In terms of the 40 000 cards, I should have clarified that I am not necessarily actively learning many of those. Many of them are just dormant in the database, because they were for example relevant in my university studies, but I don't find them relevant now. But I still like having them there in case I need them at some point. I also have many cards that I have already learnt many times and therefore they come back around once every year or two.

I find that with the slow and steady approach, I do eventually learn all the cards that are currently relevant to me, I just have to be patient. If something needs to be learnt urgently, I put it in my ASAP desk which has much fewer cards and I get to them more quickly.

Hope this makes sense, thank you for your interest!

I seem to be using Anki quite a bit like you. 

I stopped using Anki two times, and when I noticed it the second time, I added a monthly reminder to pick up the habit again.

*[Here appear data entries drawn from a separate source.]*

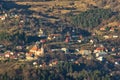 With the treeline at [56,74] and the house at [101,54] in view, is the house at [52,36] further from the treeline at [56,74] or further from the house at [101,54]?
the treeline at [56,74]

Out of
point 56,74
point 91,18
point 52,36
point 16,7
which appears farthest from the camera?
point 16,7

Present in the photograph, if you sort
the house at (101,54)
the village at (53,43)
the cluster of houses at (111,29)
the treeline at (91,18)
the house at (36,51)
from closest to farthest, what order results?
the village at (53,43) → the house at (36,51) → the house at (101,54) → the cluster of houses at (111,29) → the treeline at (91,18)

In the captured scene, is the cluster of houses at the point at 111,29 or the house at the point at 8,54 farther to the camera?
the cluster of houses at the point at 111,29

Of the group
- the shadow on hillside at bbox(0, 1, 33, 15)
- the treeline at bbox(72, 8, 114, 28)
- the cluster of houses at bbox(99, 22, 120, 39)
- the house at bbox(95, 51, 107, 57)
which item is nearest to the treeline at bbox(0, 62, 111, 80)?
the house at bbox(95, 51, 107, 57)

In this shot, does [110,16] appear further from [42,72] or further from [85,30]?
[42,72]

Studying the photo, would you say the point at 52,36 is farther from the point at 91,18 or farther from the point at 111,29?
the point at 91,18

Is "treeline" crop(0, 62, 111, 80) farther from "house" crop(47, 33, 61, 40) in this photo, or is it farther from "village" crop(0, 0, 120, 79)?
"house" crop(47, 33, 61, 40)

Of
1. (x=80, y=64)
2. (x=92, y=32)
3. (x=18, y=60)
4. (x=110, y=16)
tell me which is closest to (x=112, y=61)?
(x=80, y=64)

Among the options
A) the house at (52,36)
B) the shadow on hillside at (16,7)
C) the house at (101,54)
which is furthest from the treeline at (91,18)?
the house at (101,54)

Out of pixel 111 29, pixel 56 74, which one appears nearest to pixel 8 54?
pixel 56 74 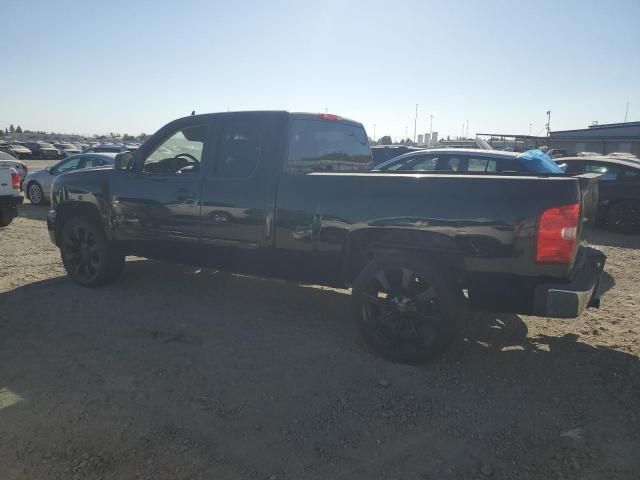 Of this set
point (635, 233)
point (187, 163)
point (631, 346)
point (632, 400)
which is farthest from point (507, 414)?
point (635, 233)

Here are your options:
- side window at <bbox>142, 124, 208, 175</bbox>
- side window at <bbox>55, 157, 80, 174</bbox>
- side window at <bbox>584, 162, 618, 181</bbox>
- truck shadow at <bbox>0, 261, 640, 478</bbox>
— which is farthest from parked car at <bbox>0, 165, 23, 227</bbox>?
side window at <bbox>584, 162, 618, 181</bbox>

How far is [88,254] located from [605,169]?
10053 millimetres

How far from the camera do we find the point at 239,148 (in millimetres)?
4473

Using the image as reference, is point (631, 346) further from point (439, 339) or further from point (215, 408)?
point (215, 408)

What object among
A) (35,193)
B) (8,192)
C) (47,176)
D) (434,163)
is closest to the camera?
(434,163)

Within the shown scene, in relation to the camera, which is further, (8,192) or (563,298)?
(8,192)

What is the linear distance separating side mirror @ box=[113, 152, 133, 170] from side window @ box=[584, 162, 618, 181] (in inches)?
357

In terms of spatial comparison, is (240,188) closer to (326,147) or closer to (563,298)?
(326,147)

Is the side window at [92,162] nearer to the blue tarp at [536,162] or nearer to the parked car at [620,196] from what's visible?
the blue tarp at [536,162]

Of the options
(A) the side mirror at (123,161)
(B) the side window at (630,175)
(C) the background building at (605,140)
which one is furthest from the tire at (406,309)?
(C) the background building at (605,140)

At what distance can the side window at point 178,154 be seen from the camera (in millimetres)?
4766

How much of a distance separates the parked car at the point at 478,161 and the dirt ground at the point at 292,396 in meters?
3.11

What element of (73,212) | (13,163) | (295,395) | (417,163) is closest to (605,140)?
(417,163)

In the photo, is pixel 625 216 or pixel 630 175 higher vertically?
pixel 630 175
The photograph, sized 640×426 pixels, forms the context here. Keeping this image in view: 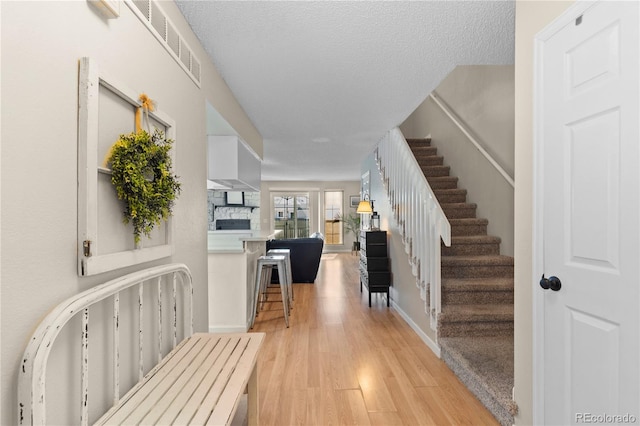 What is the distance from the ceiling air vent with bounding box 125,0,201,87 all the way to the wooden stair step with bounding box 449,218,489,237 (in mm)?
3110

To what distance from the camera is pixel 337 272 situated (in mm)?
7320

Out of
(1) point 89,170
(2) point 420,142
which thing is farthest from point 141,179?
(2) point 420,142

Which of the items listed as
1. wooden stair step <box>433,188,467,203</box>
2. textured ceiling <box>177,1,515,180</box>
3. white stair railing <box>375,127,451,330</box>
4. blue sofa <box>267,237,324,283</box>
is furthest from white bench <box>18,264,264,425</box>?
blue sofa <box>267,237,324,283</box>

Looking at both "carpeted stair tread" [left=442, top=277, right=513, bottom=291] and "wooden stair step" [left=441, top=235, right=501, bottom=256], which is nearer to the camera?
"carpeted stair tread" [left=442, top=277, right=513, bottom=291]

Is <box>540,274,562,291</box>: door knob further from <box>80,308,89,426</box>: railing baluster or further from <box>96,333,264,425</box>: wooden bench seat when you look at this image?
<box>80,308,89,426</box>: railing baluster

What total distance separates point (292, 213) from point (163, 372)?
9.59m

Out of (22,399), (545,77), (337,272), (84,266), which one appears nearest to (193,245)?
(84,266)

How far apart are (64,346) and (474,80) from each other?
486cm

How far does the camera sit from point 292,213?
1104 centimetres

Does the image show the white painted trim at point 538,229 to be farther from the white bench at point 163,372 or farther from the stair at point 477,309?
the white bench at point 163,372

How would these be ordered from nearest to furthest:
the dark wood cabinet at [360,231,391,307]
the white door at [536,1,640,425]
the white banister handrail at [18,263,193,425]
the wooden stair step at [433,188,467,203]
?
the white banister handrail at [18,263,193,425], the white door at [536,1,640,425], the wooden stair step at [433,188,467,203], the dark wood cabinet at [360,231,391,307]

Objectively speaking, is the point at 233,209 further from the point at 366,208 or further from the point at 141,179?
the point at 141,179

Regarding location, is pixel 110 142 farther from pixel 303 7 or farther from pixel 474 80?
pixel 474 80

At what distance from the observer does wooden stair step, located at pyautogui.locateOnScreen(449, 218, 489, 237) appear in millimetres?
3922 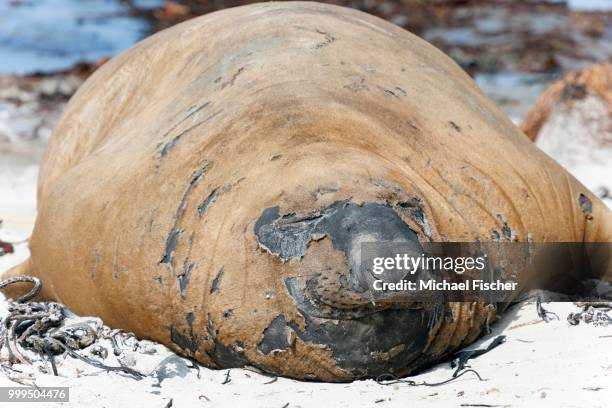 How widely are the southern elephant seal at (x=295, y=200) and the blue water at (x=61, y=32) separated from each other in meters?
5.52

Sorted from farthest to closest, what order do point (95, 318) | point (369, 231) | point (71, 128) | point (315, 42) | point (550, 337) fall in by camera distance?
1. point (71, 128)
2. point (315, 42)
3. point (95, 318)
4. point (550, 337)
5. point (369, 231)

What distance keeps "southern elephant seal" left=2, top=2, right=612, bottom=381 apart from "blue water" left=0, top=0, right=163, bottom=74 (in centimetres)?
552

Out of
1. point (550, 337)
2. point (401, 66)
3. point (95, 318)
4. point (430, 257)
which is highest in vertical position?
point (401, 66)

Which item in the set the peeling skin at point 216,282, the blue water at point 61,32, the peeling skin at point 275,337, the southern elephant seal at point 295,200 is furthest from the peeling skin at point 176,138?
the blue water at point 61,32

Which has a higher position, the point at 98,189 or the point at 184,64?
the point at 184,64

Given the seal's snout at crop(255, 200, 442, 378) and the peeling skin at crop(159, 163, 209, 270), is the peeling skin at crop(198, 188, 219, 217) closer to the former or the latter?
the peeling skin at crop(159, 163, 209, 270)

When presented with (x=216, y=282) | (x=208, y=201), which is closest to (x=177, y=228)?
(x=208, y=201)

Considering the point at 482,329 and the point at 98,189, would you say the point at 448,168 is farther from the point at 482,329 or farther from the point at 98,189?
the point at 98,189

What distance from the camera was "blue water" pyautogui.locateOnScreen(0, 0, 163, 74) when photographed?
32.3 ft

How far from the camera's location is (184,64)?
4.61 metres

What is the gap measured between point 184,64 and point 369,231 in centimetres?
171

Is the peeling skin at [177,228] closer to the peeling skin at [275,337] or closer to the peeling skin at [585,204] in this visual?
the peeling skin at [275,337]

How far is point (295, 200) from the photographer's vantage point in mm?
3305

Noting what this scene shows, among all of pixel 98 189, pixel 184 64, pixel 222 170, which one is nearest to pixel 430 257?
pixel 222 170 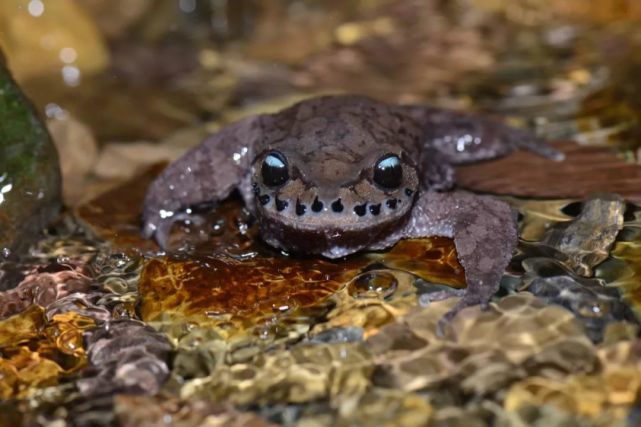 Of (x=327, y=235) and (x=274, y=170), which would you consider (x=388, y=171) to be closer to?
(x=327, y=235)

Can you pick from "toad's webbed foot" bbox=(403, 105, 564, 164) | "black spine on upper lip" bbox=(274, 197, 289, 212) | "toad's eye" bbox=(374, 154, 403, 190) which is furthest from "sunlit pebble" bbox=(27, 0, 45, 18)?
"toad's eye" bbox=(374, 154, 403, 190)

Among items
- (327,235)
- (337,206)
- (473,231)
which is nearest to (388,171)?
(337,206)

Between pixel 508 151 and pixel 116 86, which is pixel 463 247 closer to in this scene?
pixel 508 151

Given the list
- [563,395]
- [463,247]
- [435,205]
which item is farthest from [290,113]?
[563,395]

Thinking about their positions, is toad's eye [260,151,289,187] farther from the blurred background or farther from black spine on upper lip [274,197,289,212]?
the blurred background

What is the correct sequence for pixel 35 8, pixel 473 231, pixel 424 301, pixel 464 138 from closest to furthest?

For concept-like cards, it helped to write short daily FB posts about them.

I've tried multiple times to develop an Anki habit and failed every time. Probably mainly because I tried too much at once. But it's very frustrating. One of the big issues is that I don't know how to prioritize what I need to memorize versus what I don't. When I read a book with the flashcard mindset I want to memorize everything. And obviously that's absurd.

It’s a common thing that people who want to learn efficiently come across. I cover some of my thoughts on efficient learning in this shortform thread:

I think people who want to learn efficiently (learning what you need in less time) in relation to their specific goal, they should watch the following videos (all by the same guy):


Flashcards are good as one tool in the belt, but too many students become dependent on them and cripple their ability to learn things more deeply in less time.

Flashcards in general should be reserved for things that do require memorization, but a lot less things do than some think if you just properly encode things in the first place. Flashcards focus more on memorization of isolated facts rather than understanding things more relationally (which is more efficient for encoding).

I mostly reserve flashcards for remembering some code syntax (because it’s useful for coding interviews) and some specific facts I can’t remember after 3 normal active recall revisions. When I do them, I usually just set a rule like “do 3 flashcards every bathroom break” or when waiting in line. I rarely sit down and do a whole bunch.